We should heed the advice of Paul “Therefore do not become partners with them; for at one time you were darkness, but now you are light in the Lord. Walk as children of light (for the fruit of light is found in all that is good and right and true), and try to discern what is pleasing to the Lord. Take no part in the unfruitful works of darkness, but instead expose them.” (Ephesians 5:7-11).
We are advised not to partner with unbelievers! What does this mean? Paul is talking about partnering with them intellectually or methodologically; we should not be “yoked” with them, or be subject to the same authority (2 Corinthians 6:17). We shall see how this is of great significance in the way we conduct discussions with unbelievers, who subscribe to a fundamentally opposite worldview.
If we look at any non-Christian belief system, we will note two things:
- 1 - what they claim to believe, i.e. the professed worldview.2 - what their actions assume about the world, i.e. how they live their life.
These two are always at odds with each other, no matter what the belief system. The Christian worldview is the only one which makes sense of reality.
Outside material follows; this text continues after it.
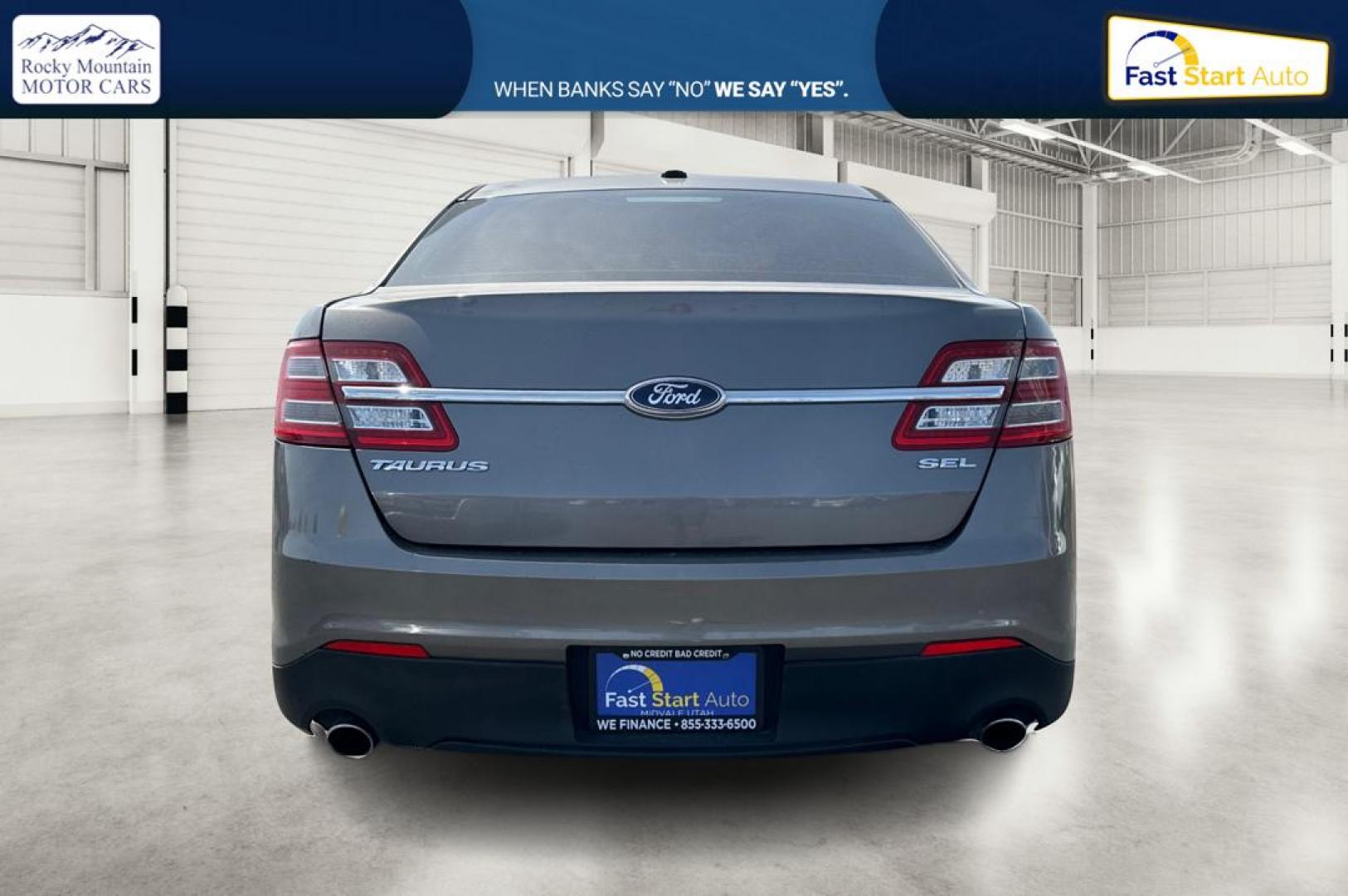 2013 Gray Ford Taurus SEL FWD (1FAHP2E87DG) with an 3.5L V6 DOHC 24V engine, 6-Speed Automatic transmission, located at 7755 State Street, Midvale, UT, 84047, (801) 753-9063, 40.610329, -111.890656 - Photo#4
Some systems of unbelief might claim everything that exists is material in nature (materialistic atheism or atheistic evolutionism, for example). Others might claim that everything is an illusion (Hinduism or Pantheism, for example). Still others might claim that they came to correct the Bible (Muslims, Mormons or Jehovah’s Witnesses, for example). Then there are those who claim we can’t know anything about God (such as agnostics or skeptics). An apologist’s job is to expose the inconsistency and arbitrariness of all of these systems, to show them in the words of Paul how God has “made foolish the wisdom of the world” (1 Corinthians 1:18), or in the words of Isaiah that "I, the LORD, am the maker of all things, stretching out the heavens by Myself and spreading out the earth all alone, causing the omens of boasters to fail, making fools out of diviners, causing wise men to draw back and turning their knowledge into foolishness, confirming the word of His servant” (Isaiah 44:25). Whatever the world claims as wisdom is in fact foolishness and unless the world turns to God on His own authority, they will remain not only fools but unsaved.